I’m a better mother than her,

and this truth exists and it’s a painful one to process, but one big truth can shout loud and clear alongside another initially contrasting truth without automatically canceling it out. On this side of paradise we’re always hoping for one good fact to erase a bad one, always looking for ways to make one uncomfortable truth smaller instead of making the space in our hearts big enough to fit them both when they should.

If we are to live the brave lives we want so badly, then the really true things (not to be mistaken for the things we like to pretend are true) must coexist, and they do in time, though their coexistence without the slightest minimization of either seems impossible to us at first.

I am a better mother

but he was made for her.

Because the biggest truth of all is the truth of the Sovereign who lives on a crippled planet alongside us. And if the Way didn’t pull our shared son’s soul from heaven and place it in me to grow and be born, and the Truth didn’t see fit to birth him in another then place him in my arms for good, and Life Himself didn’t deem that either of those inherently holy paths to motherhood are mine by nature or mine by law and grace to fight for, then still and with open acknowledgement of all of this, he is meant for her and not for me, and I will honor that truth with my whole heart, because she is a person, she is my friend, and she is not perfect, but she deserves that. 

It is fully true that I am a better mother than her, and there are many things I can give him that she cannot. While he has what he needs in some sense, the life of abundance and joy and boring consistency that I wish for him is not mine to bestow everyday, in and out, sunup to sundown.

I’m a better mother than her, but she is his mother.

If I avoid them because it is too painful for me to admit to myself that most – most – children in this world who are not horribly abused must still grow up in circumstances that we find imperfect, sleeping in technically safe but sad, difficult homes, homes that make us weep in our cars when we drive away after visits, then we all are lost to the tyrannical distancing falsehood that love exists in cleanliness and perfection, that hope lives in great preschool opportunities and new toddler bedding ensembles and not in the inextinguishable God-spirit that sparks in the hearts of humans.

This is the holy imprint that brings heroic leaders and world shakers out of the dust, not because they had darling sepia-toned childhoods, but because someone reached out a hand and pulled them up for love, calling to that truth that lived in their hearts from the very beginning and waited quietly to be explained until the time was right. 

And just like my friend needs me to acknowledge her blindness as a thing about her that influences her driving skills but doesn’t define her personhood, his mother needs me to fully acknowledge her weaknesses—the ones she chose and the ones she didn’t—in order to offer her the best of my strengths.

There are amazing parents who came from nothing, who craft glorious lives for their kids with no example to look to.
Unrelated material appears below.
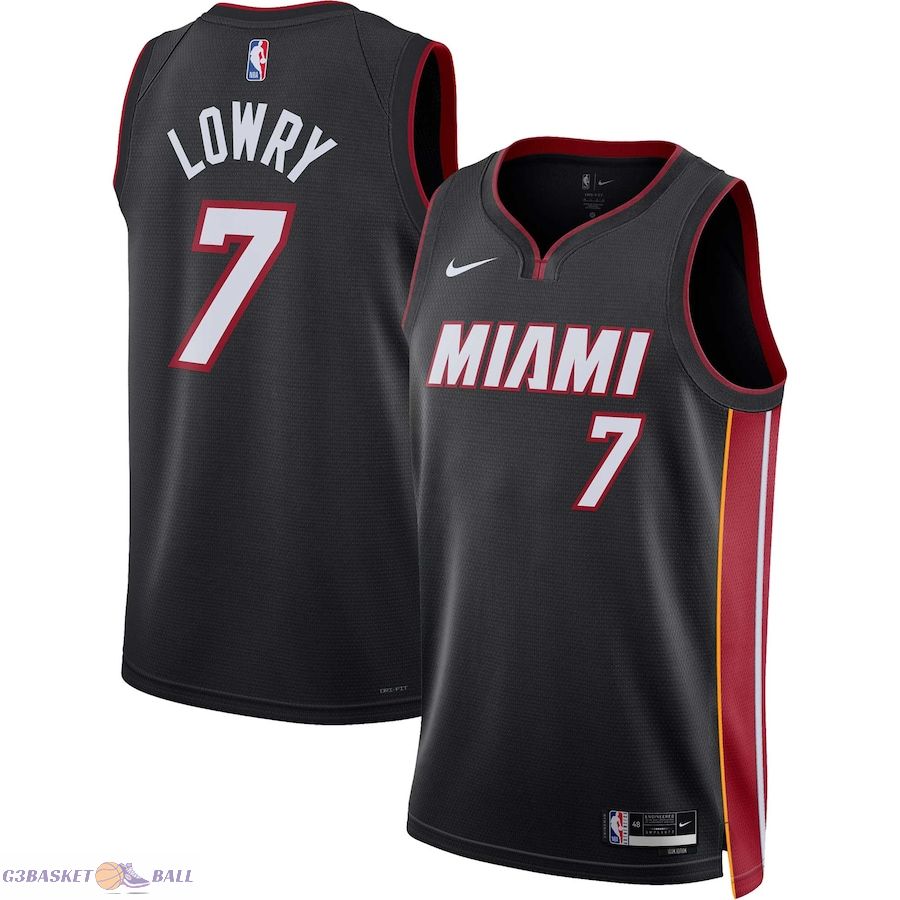 Unisex Miami Heat Kyle Lowry Black Swingman Jersey - Icon Edition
I am not one of those people, so it is not mine to be smug or condeming. It is mine to be clear eyed and honest when I see terrifying things, it is mine to dial 911 when I need to and mine to open my arms and shut my mouth when I need to, mine to be the serpent and the dove, fully aware and fully the love, denying the lie that one lives better without the other, denying the biggest lie that we live better without each other.

She is his mother, and they belong to each other in a way that I will bless in order to bless the One who made it so. I will teach her what I know, I will give her what I can, I will focus on the fact that I wasn’t made to fix the world, but I was given a chance to love a child who needs me to set aside expectations and easy answers in order to love him with my best self. This little child isn’t meant to be mine permanently by nature or by divine ordination, this little child was not born in one place and taught love in another by accident, this little child leads us.